One of the UK’s best known collectors of cherished numbers was the successful businessman and politician Sir Gerald Nabarro. Serving as a Conservative MP between 1950 and 1973, Sir Gerald was a well-known figure noted for his outspoken views, booming voice and handlebar moustache. He vehemently opposed the UK’s entry to the Common Market (the precursor of the EU) and was undeniably racist. The public of course either loved him or loathed him. His cars invariably wore his personalised plates, the most famous of which was “NAB 1”. Of course one good plate does not constitute a collection so further “NAB” plates were added until he eventually owned the whole sequence running from “NAB 1” to “NAB 10”.

It is now largely forgotten that during Nabarro’s time, the UK Government decided to make it illegal to transfer registration numbers from one vehicle to another, a move which would have effectively killed off the practice in this country. Naturally the private plate enthusiasts of the day were furious. They tended to be rich and influential people and of course included Sir Gerald Nabarro. He had no intention of taking this lying down and campaigned enthusiastically to get public support behind him in opposing this move. The Government did go on to make a complete U-turn on this policy and, although no reason was ever given for this change of mind, many people believe that it was due in no small part to the actions of the larger-than-life Sir Gerald Nabarro.

A personalised registration number may be seen as a status symbol or a bit of one upmanship but having an instantly recognisable number can also have its downsides. Ironically, perhaps the greatest British car number collector of all times discovered this when his Daimler Sovereign bearing his “NAB 1” plate was allegedly spotted going the wrong way round a roundabout. In court Nabarro insisted that his company secretary had been driving at the time, an account which she also verified, but Nabarro was found guilty receiving a fine and driving ban. On appeal, he produced witnesses to say that they had observed that the woman was driving at the time and the conviction was overturned. Interestingly, standing behind him on the court steps, was his parliamentary secretary, Christine Holman who subsequently married another MP, Neil Hamilton. In a strange twist of fate, Christine Hamilton was also later to narrowly avoid a motoring conviction by arguing that, at the time of the offence, it was not known whether she or her husband were driving the car. This legal loophole was later sometimes referred to as the Hamilton effect.
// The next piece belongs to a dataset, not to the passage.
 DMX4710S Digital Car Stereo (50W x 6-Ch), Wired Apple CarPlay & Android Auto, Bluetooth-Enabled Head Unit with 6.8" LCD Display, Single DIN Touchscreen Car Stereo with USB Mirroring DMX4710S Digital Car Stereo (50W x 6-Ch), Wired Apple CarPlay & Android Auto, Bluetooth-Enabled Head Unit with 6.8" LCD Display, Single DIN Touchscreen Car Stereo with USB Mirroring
So Sir Gerald Nabarro may have been a controversial figure but without his intervention private number plates would now probably be little more than a distant memory. Today’s DVLA registration plate enthusiasts really have things much easier with most of the best online dealers able to offer a simple search tool to find and buy the perfect number plate. Another interesting idea, again going back to Sir Gerald, is to collect and retain numbers for future use. The plate retention process has been simplified and made much less expensive so holding onto a good plate could even represent a good financial investment. Many people may regard the very idea of collecting cherished registrations as completely nonsensical but is it really any more foolish than stamp collecting?